[j-nsp] MX204-IR RIB->FIB sync?

Wed Dec 12 20:47:48 EST 2018

Hi all,

I’ve been playing around with rLFA in a small lab using a pair each of MX204-IR, ASR920, ME3600s in a ring:

MX1-et0/0-MX2-xe0/1-ASR2-ge-ME2-ge-ME1-ge-ASR1-te-MX1

They're all running BFD (150ms x 3), LDP, ISIS, LDP-IGP sync (infinite holddown), LDP session protection and LDP GR (not that GR really applies here, but…)

MX1, MX2, ASR1 and ASR2 have a single armed host hanging off each of them.  The test consists of H-ASR1 pings to H-MX2, and H-ASR2 pings to H-MX1.  In both cases, it’s sudo ping -fi 0.001 ${host}

ASR1 has rLFA for H-MX2 subnet, ASR2 has rLFA for H-MX1 subnet, MX1 has rLFA for H-ASR2 subnet, and MX2 has rLFA for H-ASR1 subnet.

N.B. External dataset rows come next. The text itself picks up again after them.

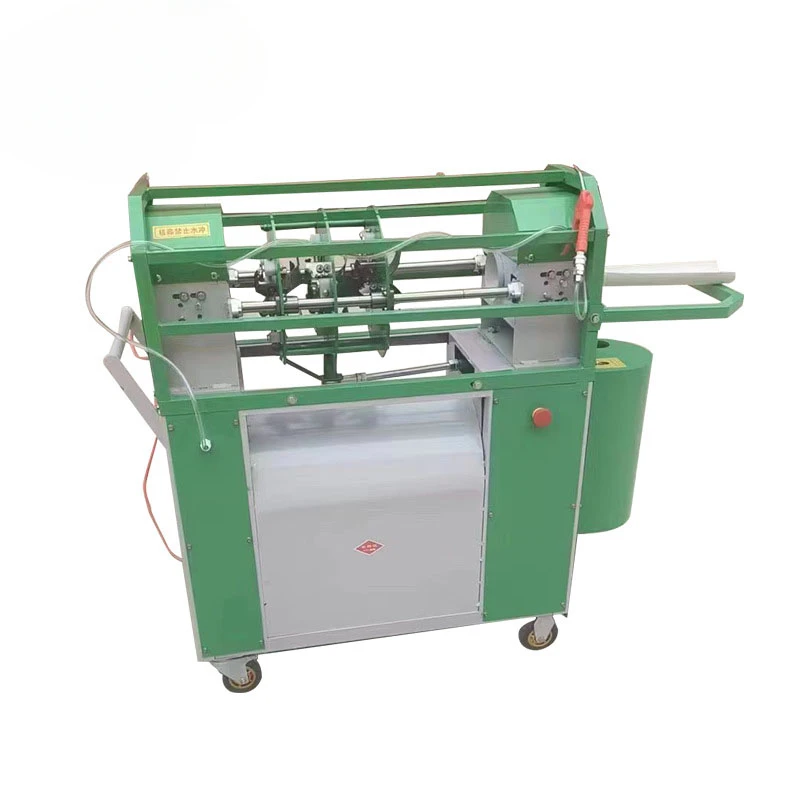 Automatic Sugar Cane Cleaning Peeling Sugarcane Leaf Skin Crusher Cutter Machine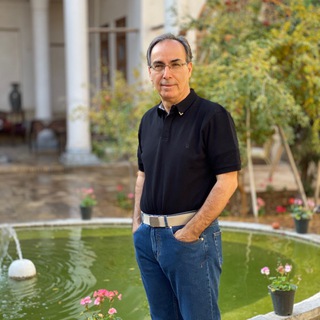 Telegram profile photo for کلینیک دکتر افشار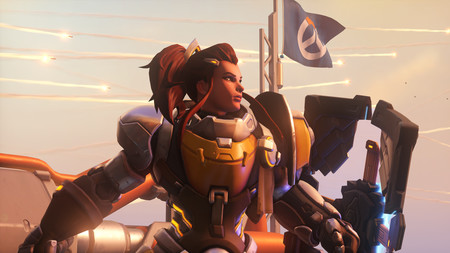 Rialto, el nuevo mapa de Overwatch, llega esta semana a todos los jugadores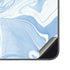 Blue Marbling Galaxy S23 FE Skin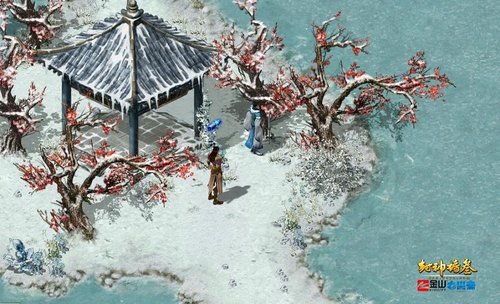 《封神榜3》中国文化在游戏中的体现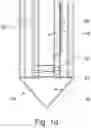 Fig. 05 - Writing instrument comprising a switchable flow material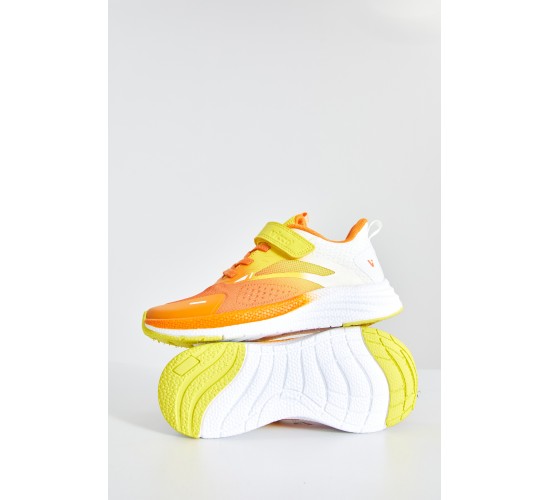 Lance Hafif Unisex Çocuk Orange Spor Ayakkabı / Beden : 34 / Cinsiyet : Unisex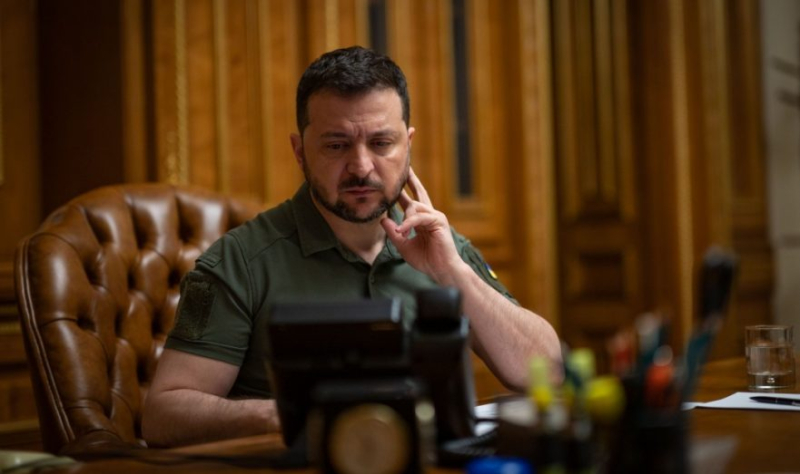 Экс-советник Кучмы Соскин заявил, что на Украине уже негде хоронить погибших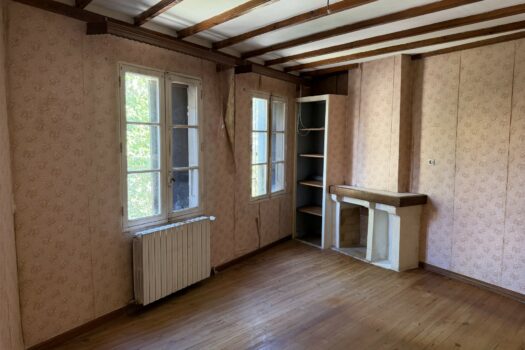 Maison place Wilson Arles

With this topology, when I pull the plug between MX1 and MX2, I lose a ping or two, but when I connect MX1 and MX2 again, there’s about 500ms of loss on all tests.
If I re-jig the topology and move the MX1-MX2 link from et0/0 to also be xe-0/1, the failover and tailback both lose about 500ms worth of traffic.
If I re-jig the topology and remove the MX1-MX2 links entirely and instead create a link between ASR1 and ASR2 to close the ring, there’s zero loss on the failover of that ASR1-ASR2 link, and only about 10ms loss on the fail back.

This is all really surprising to me.  Surprising that when the MX1-MX2 link is on et0/0 it behaves one way, and another way when the MX1-MX2 link is on xe0/1 (PIC0 vs PIC1).  Also, surprising that it didn’t seem to perform as well as when the ASRs were closing the ring instead of the MXs.

I really thought this testing would be much more uneventful than it has been.  If I think through this as rationally as I understand it, the only thing that seems to make sense is that on the MX, the FIB is a bit out of sync with the RIB, worse based on the PIC.

I’m pretty new to JunOS and Juniper HW architecture in general, so there’s no doubt much that I don’t know.

Thoughts?